'''

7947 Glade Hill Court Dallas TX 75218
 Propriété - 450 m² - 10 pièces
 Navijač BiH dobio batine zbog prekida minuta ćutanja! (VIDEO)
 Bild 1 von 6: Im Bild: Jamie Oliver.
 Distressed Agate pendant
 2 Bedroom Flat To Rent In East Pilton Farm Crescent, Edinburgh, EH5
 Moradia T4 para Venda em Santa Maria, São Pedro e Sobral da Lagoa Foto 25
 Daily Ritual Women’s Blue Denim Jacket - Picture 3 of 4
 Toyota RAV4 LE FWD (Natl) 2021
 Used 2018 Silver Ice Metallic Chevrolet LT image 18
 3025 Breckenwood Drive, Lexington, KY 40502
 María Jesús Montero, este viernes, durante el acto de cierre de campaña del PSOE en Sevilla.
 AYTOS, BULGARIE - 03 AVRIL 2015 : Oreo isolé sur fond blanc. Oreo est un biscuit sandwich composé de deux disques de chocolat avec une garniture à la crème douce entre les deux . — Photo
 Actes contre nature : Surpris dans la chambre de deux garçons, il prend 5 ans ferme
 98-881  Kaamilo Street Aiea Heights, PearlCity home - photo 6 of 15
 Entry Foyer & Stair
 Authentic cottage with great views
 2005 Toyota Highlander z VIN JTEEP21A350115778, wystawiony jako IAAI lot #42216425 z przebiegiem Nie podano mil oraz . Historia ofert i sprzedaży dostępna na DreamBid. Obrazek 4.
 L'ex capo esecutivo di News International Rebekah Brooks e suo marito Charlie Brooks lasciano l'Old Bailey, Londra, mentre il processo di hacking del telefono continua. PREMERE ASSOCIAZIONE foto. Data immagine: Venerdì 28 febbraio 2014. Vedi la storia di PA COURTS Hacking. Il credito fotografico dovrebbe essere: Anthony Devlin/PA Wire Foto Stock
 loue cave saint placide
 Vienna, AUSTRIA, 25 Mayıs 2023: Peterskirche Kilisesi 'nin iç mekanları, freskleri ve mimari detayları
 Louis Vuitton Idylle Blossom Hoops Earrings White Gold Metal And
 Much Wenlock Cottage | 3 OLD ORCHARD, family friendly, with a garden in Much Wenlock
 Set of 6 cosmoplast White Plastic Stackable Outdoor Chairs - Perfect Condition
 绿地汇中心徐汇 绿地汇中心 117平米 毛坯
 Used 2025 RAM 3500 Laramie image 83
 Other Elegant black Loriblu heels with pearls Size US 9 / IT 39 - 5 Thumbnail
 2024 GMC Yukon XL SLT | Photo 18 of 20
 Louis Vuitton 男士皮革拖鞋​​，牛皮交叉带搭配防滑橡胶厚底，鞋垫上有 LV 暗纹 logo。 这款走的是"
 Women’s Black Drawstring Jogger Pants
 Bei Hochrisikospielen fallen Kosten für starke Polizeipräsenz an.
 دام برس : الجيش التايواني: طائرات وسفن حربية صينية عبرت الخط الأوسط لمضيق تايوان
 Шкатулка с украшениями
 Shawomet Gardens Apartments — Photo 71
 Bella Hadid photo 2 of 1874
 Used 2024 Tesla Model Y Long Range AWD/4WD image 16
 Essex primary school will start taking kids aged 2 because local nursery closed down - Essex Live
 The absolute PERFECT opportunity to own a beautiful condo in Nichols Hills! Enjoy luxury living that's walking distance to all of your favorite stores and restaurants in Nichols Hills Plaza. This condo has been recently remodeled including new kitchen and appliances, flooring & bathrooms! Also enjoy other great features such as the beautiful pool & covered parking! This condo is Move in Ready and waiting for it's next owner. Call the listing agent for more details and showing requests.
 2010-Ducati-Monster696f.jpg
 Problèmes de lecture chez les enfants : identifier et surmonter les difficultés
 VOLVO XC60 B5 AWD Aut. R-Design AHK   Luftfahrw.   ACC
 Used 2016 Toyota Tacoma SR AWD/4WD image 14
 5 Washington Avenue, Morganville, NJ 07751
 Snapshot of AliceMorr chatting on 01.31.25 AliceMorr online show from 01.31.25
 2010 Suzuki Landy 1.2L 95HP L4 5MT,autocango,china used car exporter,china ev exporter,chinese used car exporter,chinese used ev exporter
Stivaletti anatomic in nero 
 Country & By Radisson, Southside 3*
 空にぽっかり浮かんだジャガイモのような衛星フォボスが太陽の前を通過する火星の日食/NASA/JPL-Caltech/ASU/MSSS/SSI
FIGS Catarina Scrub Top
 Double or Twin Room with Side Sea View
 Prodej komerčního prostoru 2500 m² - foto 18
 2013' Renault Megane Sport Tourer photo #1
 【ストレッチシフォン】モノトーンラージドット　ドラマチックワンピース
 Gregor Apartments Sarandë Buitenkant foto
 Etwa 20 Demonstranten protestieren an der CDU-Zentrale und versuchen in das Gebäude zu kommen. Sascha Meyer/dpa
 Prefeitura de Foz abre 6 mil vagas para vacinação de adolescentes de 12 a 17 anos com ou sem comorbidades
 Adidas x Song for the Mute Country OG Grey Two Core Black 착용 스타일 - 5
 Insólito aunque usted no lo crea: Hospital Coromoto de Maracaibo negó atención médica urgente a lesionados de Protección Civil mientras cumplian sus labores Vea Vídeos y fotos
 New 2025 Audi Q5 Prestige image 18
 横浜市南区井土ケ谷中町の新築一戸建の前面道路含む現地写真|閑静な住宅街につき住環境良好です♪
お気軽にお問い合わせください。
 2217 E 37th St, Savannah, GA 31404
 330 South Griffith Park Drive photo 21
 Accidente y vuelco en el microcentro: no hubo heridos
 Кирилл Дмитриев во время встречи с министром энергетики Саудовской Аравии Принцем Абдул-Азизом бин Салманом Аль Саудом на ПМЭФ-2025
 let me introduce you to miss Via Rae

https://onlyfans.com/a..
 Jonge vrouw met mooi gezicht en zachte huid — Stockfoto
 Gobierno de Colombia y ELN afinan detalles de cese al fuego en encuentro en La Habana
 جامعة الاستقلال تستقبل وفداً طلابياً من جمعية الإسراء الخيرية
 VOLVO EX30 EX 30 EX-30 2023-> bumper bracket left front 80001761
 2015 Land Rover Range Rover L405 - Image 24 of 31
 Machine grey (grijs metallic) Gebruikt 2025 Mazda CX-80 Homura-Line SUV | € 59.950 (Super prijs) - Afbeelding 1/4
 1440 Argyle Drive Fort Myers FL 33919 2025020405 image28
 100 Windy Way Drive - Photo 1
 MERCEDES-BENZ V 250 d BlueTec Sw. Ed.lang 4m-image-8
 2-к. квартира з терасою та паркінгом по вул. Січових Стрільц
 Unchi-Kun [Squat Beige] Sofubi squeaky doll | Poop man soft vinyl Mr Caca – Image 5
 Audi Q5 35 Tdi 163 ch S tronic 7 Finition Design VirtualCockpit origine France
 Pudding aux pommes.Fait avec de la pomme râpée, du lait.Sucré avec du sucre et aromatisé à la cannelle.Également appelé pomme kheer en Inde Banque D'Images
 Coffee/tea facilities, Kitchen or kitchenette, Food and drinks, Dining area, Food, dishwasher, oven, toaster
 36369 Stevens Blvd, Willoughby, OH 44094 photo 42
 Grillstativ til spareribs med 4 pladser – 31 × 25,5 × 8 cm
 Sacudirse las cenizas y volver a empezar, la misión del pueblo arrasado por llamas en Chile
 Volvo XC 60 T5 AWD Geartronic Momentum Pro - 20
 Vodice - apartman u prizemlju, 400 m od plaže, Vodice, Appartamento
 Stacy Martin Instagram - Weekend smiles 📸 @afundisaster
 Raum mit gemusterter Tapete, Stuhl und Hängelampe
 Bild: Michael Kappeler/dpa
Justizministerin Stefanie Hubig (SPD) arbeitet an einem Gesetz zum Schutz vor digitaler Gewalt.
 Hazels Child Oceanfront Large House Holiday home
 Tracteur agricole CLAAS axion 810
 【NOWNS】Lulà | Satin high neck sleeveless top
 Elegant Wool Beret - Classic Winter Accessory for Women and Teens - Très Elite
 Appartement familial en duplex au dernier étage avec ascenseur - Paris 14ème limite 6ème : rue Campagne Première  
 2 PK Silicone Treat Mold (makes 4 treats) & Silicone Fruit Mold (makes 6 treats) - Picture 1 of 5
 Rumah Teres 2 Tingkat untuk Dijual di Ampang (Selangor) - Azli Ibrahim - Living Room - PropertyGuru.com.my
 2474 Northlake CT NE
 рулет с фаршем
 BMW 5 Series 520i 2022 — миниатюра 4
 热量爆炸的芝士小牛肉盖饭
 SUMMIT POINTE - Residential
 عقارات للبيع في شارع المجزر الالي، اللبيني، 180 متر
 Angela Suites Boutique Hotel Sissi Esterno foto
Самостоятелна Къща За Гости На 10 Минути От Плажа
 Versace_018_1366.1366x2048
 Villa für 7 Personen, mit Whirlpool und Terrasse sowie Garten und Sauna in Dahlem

'''

Exercise requirements » Only the lines from the start of the data to the line holding "Moradia T4 para" are wanted; return them exactly, both ends included.

Response »
7947 Glade Hill Court Dallas TX 75218
 Propriété - 450 m² - 10 pièces
 Navijač BiH dobio batine zbog prekida minuta ćutanja! (VIDEO)
 Bild 1 von 6: Im Bild: Jamie Oliver.
 Distressed Agate pendant
 2 Bedroom Flat To Rent In East Pilton Farm Crescent, Edinburgh, EH5
 Moradia T4 para Venda em Santa Maria, São Pedro e Sobral da Lagoa Foto 25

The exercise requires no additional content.